"Хрущевская оттепель", смелая реформаторская деятельность Никиты Сергеевича, положившая начало демократизации России и чуть ли не наметившего пути будущей «перестройки» — это еще один исторический штамп, сформировавшийся в массовом сознании путем многократного повторения, но на самом деле не имеющий под собой никакой реальной почвы. Не был Хрущев ни проводником радикальных реформ, ни, тем более, "отцом русской демократии".
Преобразования в стране после смерти Сталина были неизбежны, они давно назрели, и необходимость их сознавали все представители правящей верхушки. Потому что Советский Союз зашел в грандиозный экономический тупик. После героического рывка ло преодолению послевоенной разрухи, когда было провозглашено затягивание поясов и допущен огромный перекос в сторону тяжелой индустрии — на нее приходилось 70 % финансирования и производственных мощностей — народное хозяйство оказалось в глубоком кризисе. Положение населения значительно ухудшилось, даже по сравнению с предвоенным периодом. Росло недовольство. А дальнейшее закручивание гаек, предпринятое в последние годы жизни Сталина, уже не срабатывало и вызывало обратный эффект. Все больше людей приходили к выводу — "кто не сидел, тот сядет", так что лояльность и благонамеренность не играют никакой роли. Создание особых, каторжных лагерей, собирало воедино взрывоопасный контингент «политических», а введение 25-летних сроков лишало заключенных надежды выйти на волю, им становилось нечего терять.
И особую опасность представляли эти факторы в условиях холодной войны, которая, казалось, вот-вот должна была перейти в «горячую», а она в 50-х мыслилась еще общевойсковой, наподобие Великой Отечественной. В 20-х и начале 30-х коммунисты могли говорить все, что угодно, о готовящейся агрессии «империализма», но в действительности ничего этого не было, и они сами вытворяли на международной арене, что хотели. А вот теперь-то началось настоящее давление Запада, и не ощущать его советские лидеры никак не могли. В случае гипотетического конфликта сопоставление гигантского промышленного потенциала США и собственного упадка экономики приводило к прогнозам отнюдь не утешительным. Да и народные настроения тоже заставляли задуматься. Массовая поддержка противника и переход на его сторону в начале Великой Отечественной были секретом для широкой общественности, но конечно же, не для руководства страны. А при столкновении с англичанами и американцами данное явление грозило еще большим размахом, чем с нацистами.

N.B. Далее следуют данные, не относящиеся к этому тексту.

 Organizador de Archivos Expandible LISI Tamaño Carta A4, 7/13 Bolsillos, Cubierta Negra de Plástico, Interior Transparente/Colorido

Так что смягчение режима было вынужденным и обязано было осуществиться при любом раскладе в верхах. Однако сами реформы могли пойти двумя путями. Первый — номинально сохранить культ Сталина, оставить на словах верность "сталинскому курсу", но при этом предпринять кардинальные меры по улучшению жизни народа и фактически изменить этот самый курс на противоположный. По такому пути впоследствии пошел Китай в результате преобразований Дэн Сяопина — при нерушимости культа Мао Цзэдуна, его катастрофические эксперименты прекратились и было взято направление на нормализацию жизненных условий и повышение народного благосостояния. Второй вариант низвергнуть персону Сталина, свалить на него все прежние грехи и ошибки, но на деле продолжать его политическую линию.

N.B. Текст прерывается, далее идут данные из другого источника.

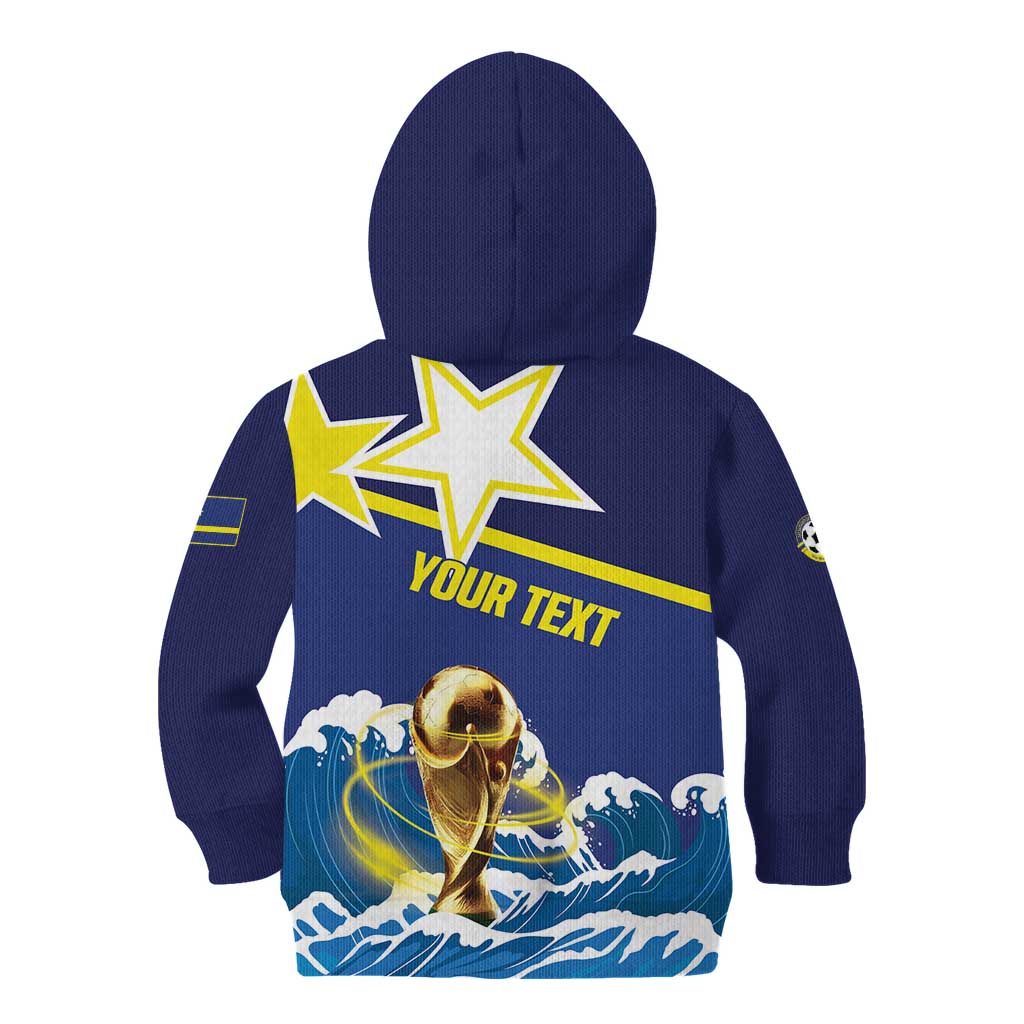 Custom Football 2026 Curacao Kid Hoodie The Blue Wave Come On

Сторонником первого пути оказался Берия, сторонником второго — Хрущев. Да, как это ни парадоксально может прозвучать, но во всей палитре тогдашних кремлевских деятелей Лаврентий Павлович являлся самым последовательным и. самым радикальным реформатором. Просто во все последующие годы его фигура традиционно преподносилась настолько однобоко, настолько трансформировалась и искажалась, что к настоящему времени мы по сути имеем дело не с реальным образом Берии, а с легендой о Берии. Легендой, начавшей целенаправленно формироваться при Хрущеве и сделавшей из него "преступника номер два" после Сталина, причем не просто преступника, а эдакого карикатурного злодея, крайне тупого, ограниченного и самодовольного. Что имеет очень мало общего с его настоящим историческим портретом. Ну разумеется, он являлся одним из сталинских палачей — но только одним из них, и кстати, даже в этом качестве до "второго номера" никак не дотягивал.